In [2]:
import numpy as np
import torch
import sys
sys.path.append('../')
from voting_games.werewolf_env_v0 import plurality_env, Phase, Roles
import random
import copy
from tqdm import tqdm
from learning_agents.actor_critic_model import ActorCriticAgent

In [4]:
@torch.no_grad()
def play_recurrent_game_w_replays(env, wolf_policy, villager_agent, num_times=10, hidden_state_size=None, voting_type=None):
    wins = 0
    # loop = tqdm(range(num_times))
    game_replays = []

    for _ in range(num_times):
        ## Play the game 
        next_observations, _, _, _, _ = env.reset()
        # init recurrent stuff for actor and critic to 0 as well
        magent_obs = {agent: {'obs': [], 
                              # obs size, and 1,1,64 as we pass batch first
                              'hcxs': [(torch.zeros((1,1,hidden_state_size), dtype=torch.float32), torch.zeros((1,1,hidden_state_size), dtype=torch.float32))],
                    } for agent in env.agents if not env.agent_roles[agent]}

        wolf_brain = {'day': 1, 'phase': 0, 'action': None}

        while env.agents:
            observations = copy.deepcopy(next_observations)
            actions = {}

            villagers = set(env.agents) & set(env.world_state["villagers"])
            wolves = set(env.agents) & set(env.world_state["werewolves"])
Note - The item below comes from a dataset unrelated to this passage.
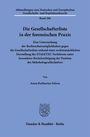 Anna Katharina Felzen: Die Gesellschafterliste in der forensischen Praxis, Buch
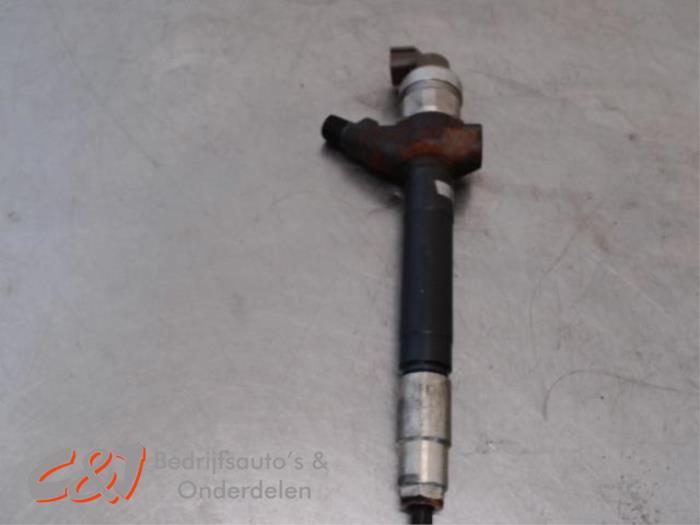 Verstuiver (diesel) van een Ford Transit, Auto-onderdelen, Gebruikt, -, -, Ophalen of Verzenden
            # villagers actions
            for villager in villagers:
                #torch.tensor(env.convert_obs(observations['player_0']['observation']), dtype=torch.float)
                torch_obs = torch.tensor(env.convert_obs(observations[villager]['observation']), dtype=torch.float)
                obs = torch.unsqueeze(torch_obs, 0)

                # TODO: Testing this, we may need a better way to pass in villagers
                recurrent_cell = magent_obs[villager]["hcxs"][-1]
                
                # ensure that the obs is of size (batch,seq,inputs)
                policies, _, recurrent_cell = villager_agent(obs, recurrent_cell)
                _, game_action = villager_agent.get_action_from_policies(policies, voting_type=voting_type)

                if voting_type == "plurality":
                    actions[villager] = game_action.item()
                elif voting_type == "approval":
                    actions[villager] = game_action.tolist()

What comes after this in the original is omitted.